→ **Provided data**:
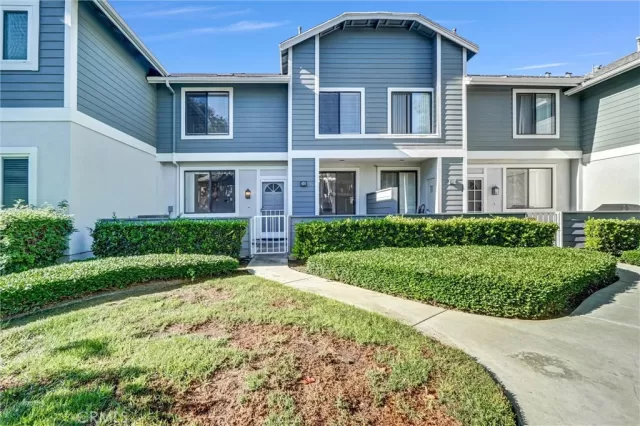 MLS: OC25239517 Condo For Sale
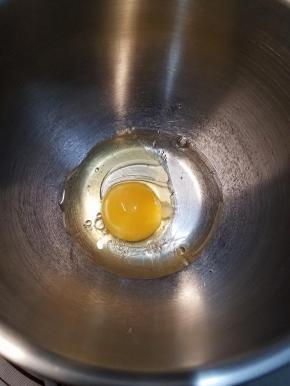 鸡蛋打散，加入白糖继续搅拌到无颗粒的状态。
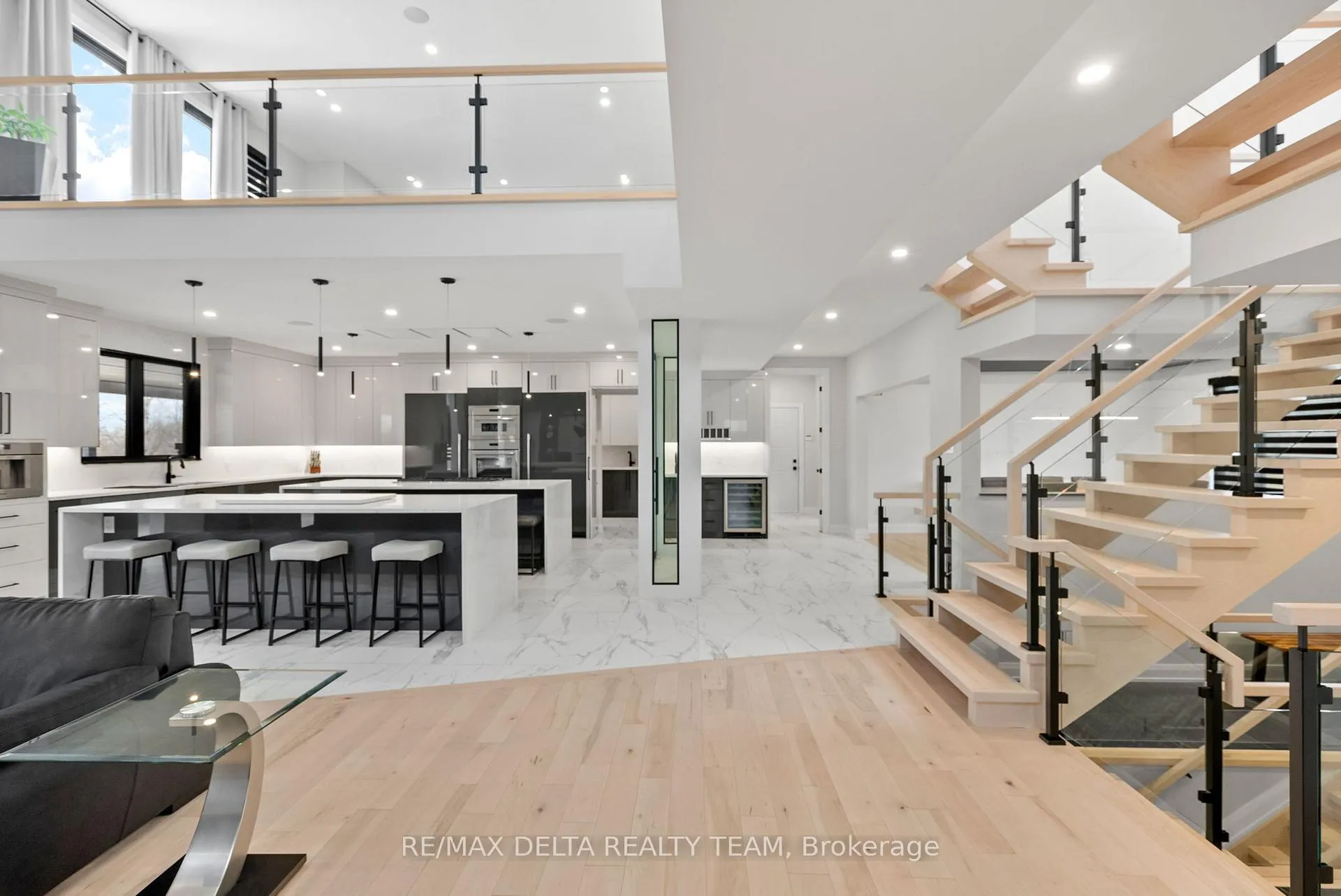 Photo 5 of 663 Ballycastle Crescent, Ottawa, Riverside South — HOMEH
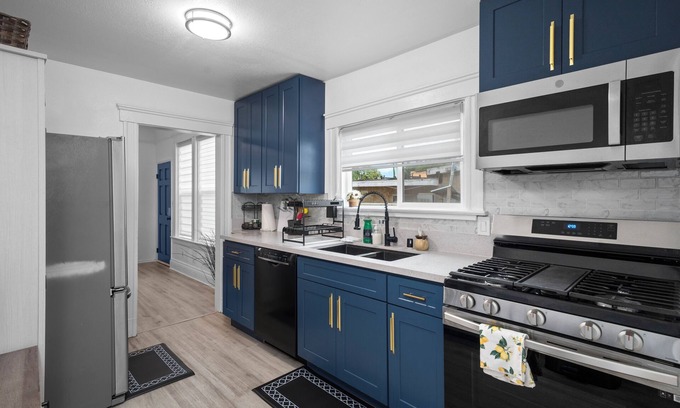 North Long Beach Apartment | Beautiful 3-bedroom apartment in Long Beach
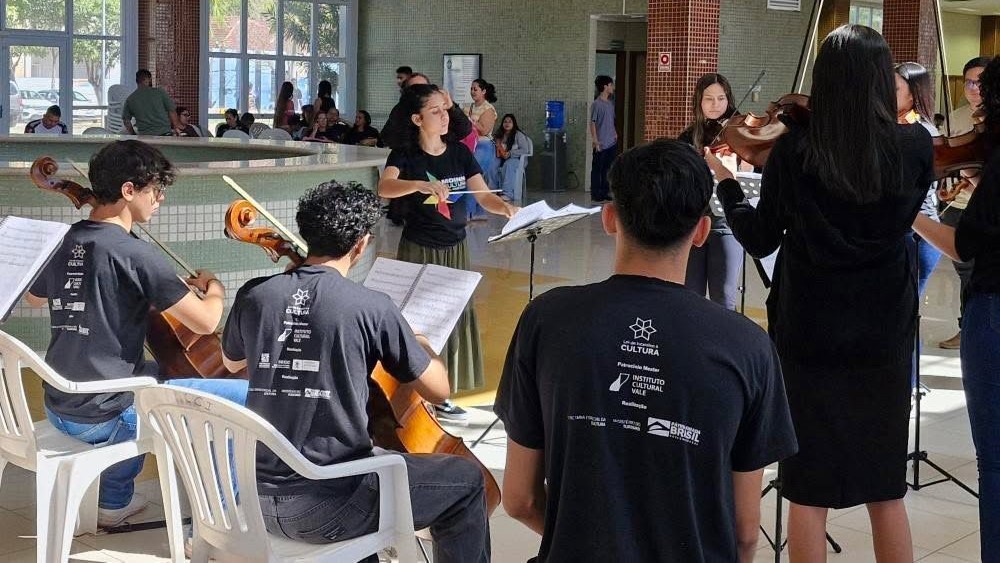 Alunos do Instituto Moinho Cultural Sul-Americano durante aula de música na EE Dom Bosco, em Corumbá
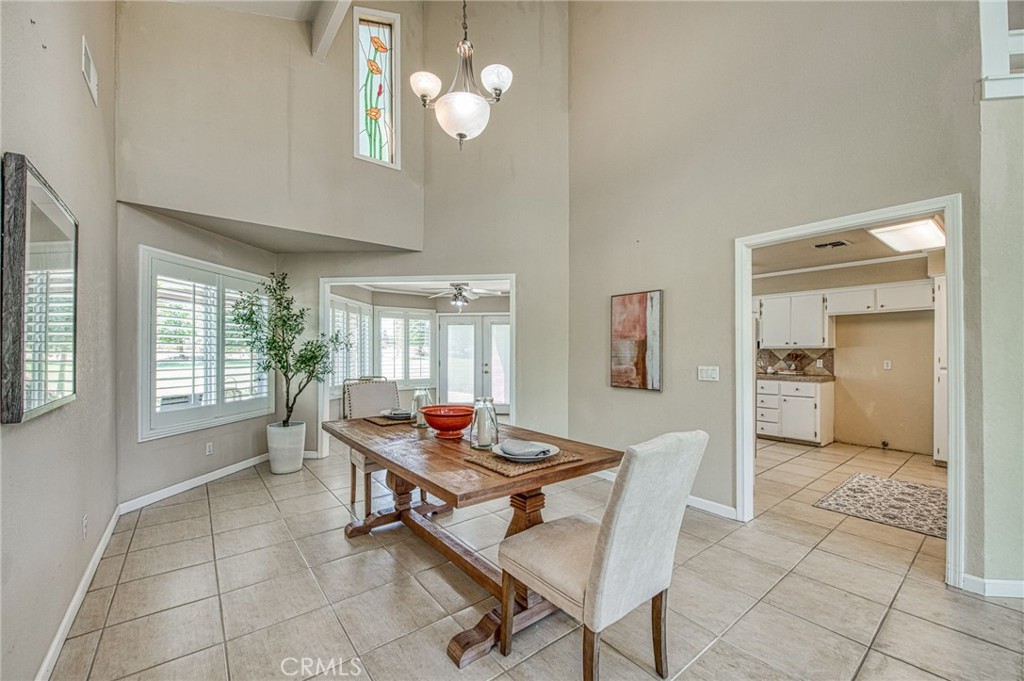 12235 Willow Avenue Property Photo 25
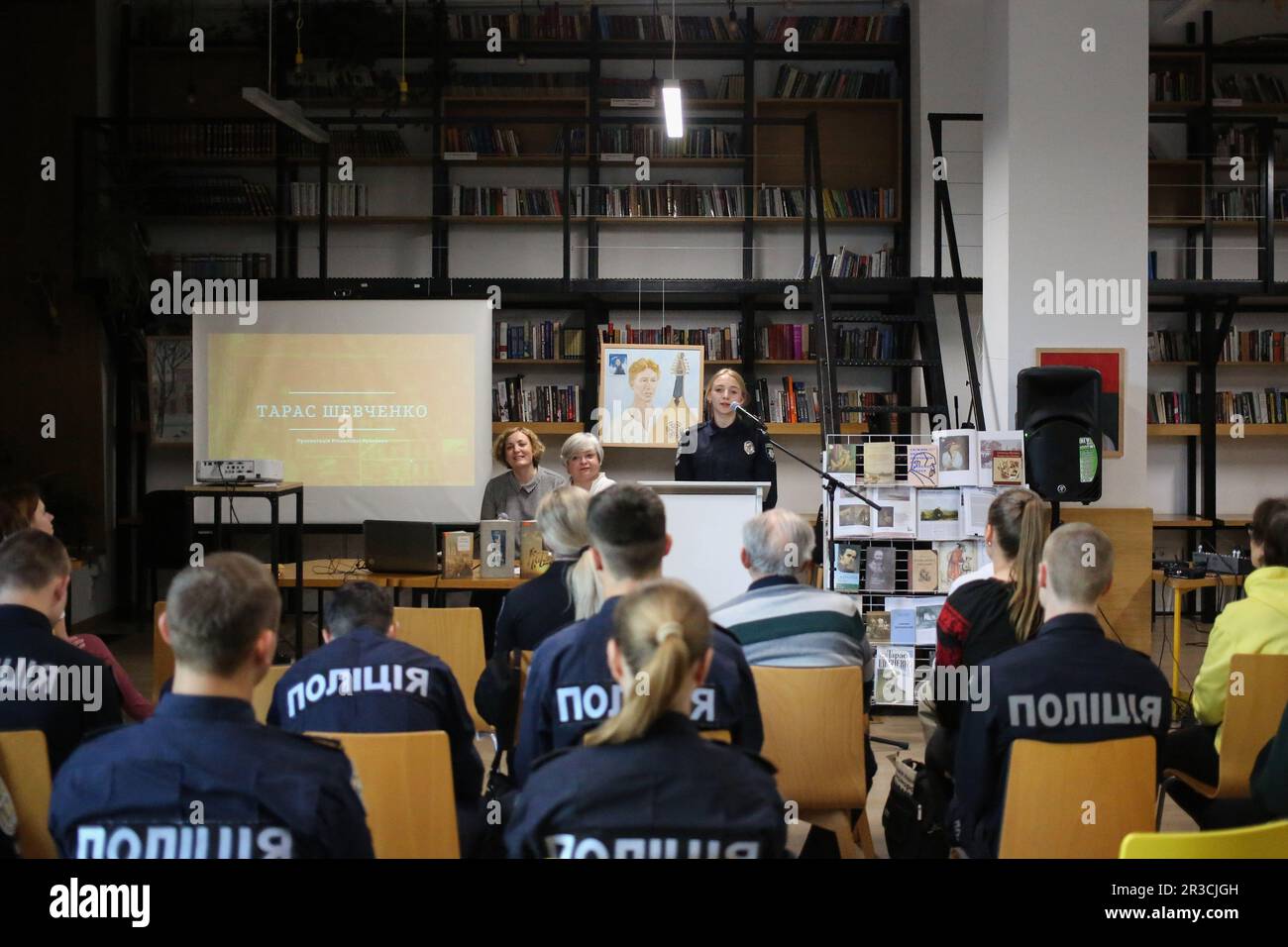 Un cadetto dell'Odessa state University of Internal Affairs è visto recitare una poesia di Taras Shevchenko. Il sepoltura di Taras Shevchenko si è svolta il 22 maggio 1861 sulla collina di Chernechaya a Kanev. Per ricordare il famoso poeta ucraino Taras Shevchenko nella Biblioteca scientifica universale regionale di Odessa. S. Grushevsky si sono svolte le tradizionali letture di Shevchenko. I cadetti della Odessa state University of Internal Affairs e gli studenti della Odessa Mechnikov National University hanno letto le poesie dello scrittore, gli insegnanti hanno tenuto conferenze sulla vita del creatore. (Foto di Viacheslav Onyshchenko/S Foto Stock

→ **Directions**: All entries are to be duplicated exactly, with the pictures left out.

→ **Answer for the task**:
 MLS: OC25239517 Condo For Sale
 鸡蛋打散，加入白糖继续搅拌到无颗粒的状态。
 Photo 5 of 663 Ballycastle Crescent, Ottawa, Riverside South — HOMEH
 North Long Beach Apartment | Beautiful 3-bedroom apartment in Long Beach
 Alunos do Instituto Moinho Cultural Sul-Americano durante aula de música na EE Dom Bosco, em Corumbá
 12235 Willow Avenue Property Photo 25
 Un cadetto dell'Odessa state University of Internal Affairs è visto recitare una poesia di Taras Shevchenko. Il sepoltura di Taras Shevchenko si è svolta il 22 maggio 1861 sulla collina di Chernechaya a Kanev. Per ricordare il famoso poeta ucraino Taras Shevchenko nella Biblioteca scientifica universale regionale di Odessa. S. Grushevsky si sono svolte le tradizionali letture di Shevchenko. I cadetti della Odessa state University of Internal Affairs e gli studenti della Odessa Mechnikov National University hanno letto le poesie dello scrittore, gli insegnanti hanno tenuto conferenze sulla vita del creatore. (Foto di Viacheslav Onyshchenko/S Foto Stock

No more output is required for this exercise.